The story started with US shale and oil reserves, and thus, less dependence on the oil producing nations. Oil in US is made available at lesser prices per barrel, the last I read was sub $60/barrel whereas Brent hovering at $100/barrel. The prices will converge as US not dependent on this expensive oil. Therefore, there is more supply and less demand. To balance out the prices, balance the supply as per the demand. This sounds simple logic, however it is not. OPEC decided not to cut production which led to price correction. There were some news making bold headings that all this shit is rigged. Oil producers are now trying to eliminate the low cost small shale producers. It's easy, you make oil cheaper than shale or the crude produced in the US. Small players may not be able to survive for long.

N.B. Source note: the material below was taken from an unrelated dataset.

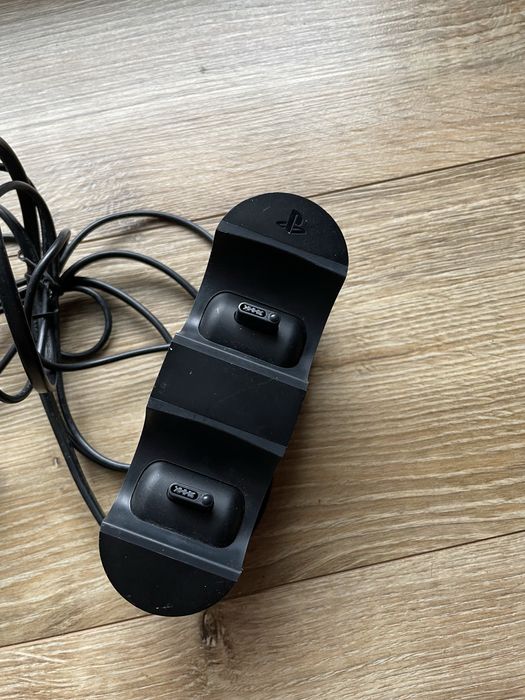 Oryginalna Stacja Ładująca Pady Ładowarka Playstation 4 Ps4 Station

OPEC is like a cartel, and normally supply is balanced out by cutting or increasing oil production, and no production cuts have been announced. There are some forecast reports which indicated less demand in 2015. This is another area of debate, whether OPEC can cut the production or not.

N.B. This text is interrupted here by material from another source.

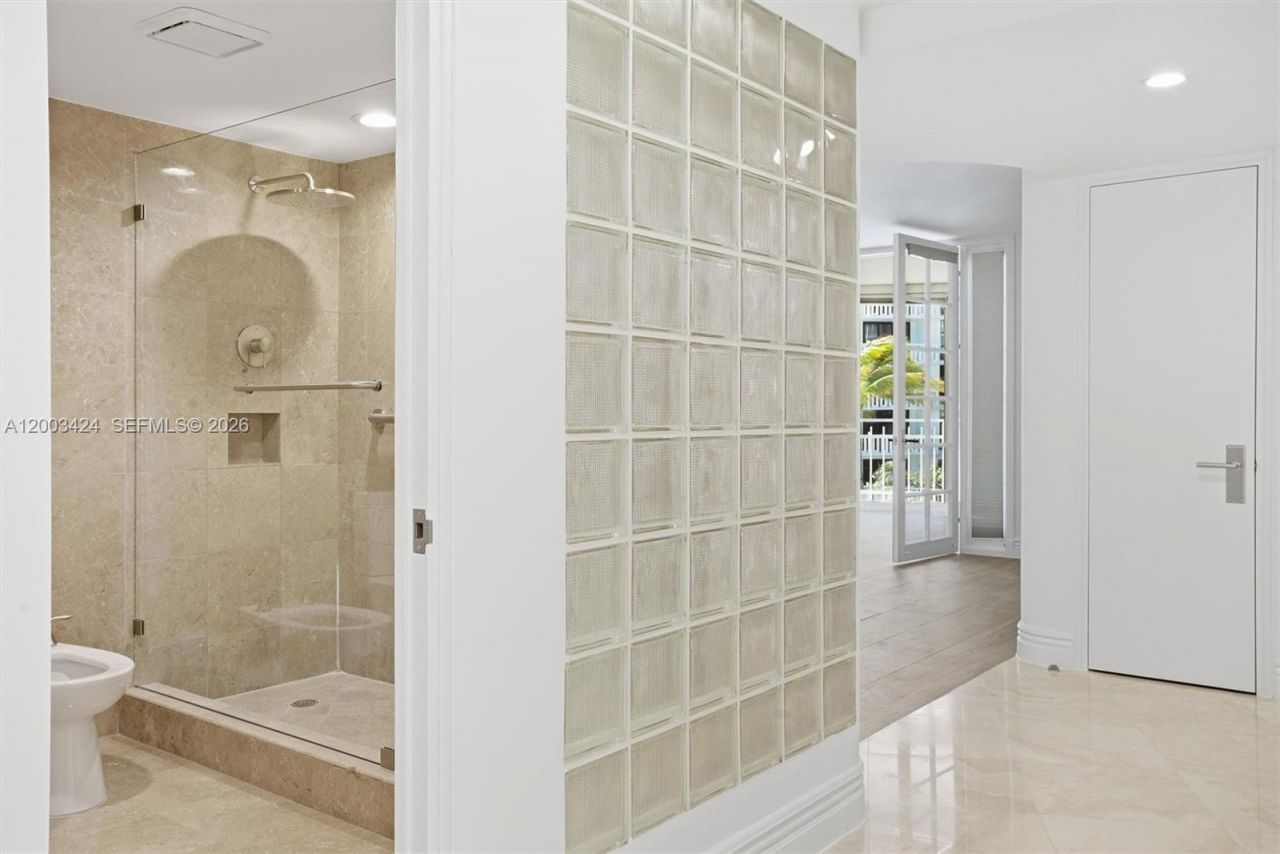 600 Grapetree Dr, Unit 4BS, Key Biscayne, FL 33149 Photo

Declining oil prices is like a bonus for the oil importing nations like India. Petrol prices are down by INR 13 per litre, and there is a similar but lesser impact on the diesel prices as the prices were highly subsidised. Indian government used this opportunity to free up the diesel prices. This is going to have a cascading impact on inflation, fiscal, and on industries which use crude as raw material e.g. Paint, tyre etc. Stock prices of some the companies are zooming in the expectation that companies will show higher margins due to decline in input costs. Well, this is one side of the story. Refiners are beaten down with bears taking over full control. The reasons are multiple, a) less oil supply means less refining volumes reducing profits b) large refineries which can process very large quantities of crude will not be fully utilized, thus reducing margins as these still need to be maintained c) oil and gas producing companies may not be able to make any positive cash flows if the their cost of production is higher than the market rate making the businesses loss making and companies will have difficulties in servicing debt which may have a cascading impact on banks. Think about the inventories built at $90 per barrel and with crude down to $65 per barrel, who is going to take that loss.
There will indeed an impact on the alternative green fuel theory like CNG, PNG. I believe business are more driven by Math rather carbon, though, you can have some incentives through carbon trading. On a positive side, less demand for bio fuels will bring down the commodity prices giving more power to the consumption story. It totally depends on how long the low oil prices stay.
In a trade, someone loss is someone's gain. Eventually, end consumer is going to save and spend more which means consumption will rise and thus, more demand. The whole cycle will reverse, when and how sooner, perhaps, no one knows.
vA
Reliance and ONGC are the listed companies on the Indian leading stock exchanges. These conglomerates are into multiple businesses including refining, crude and gas producing businesses.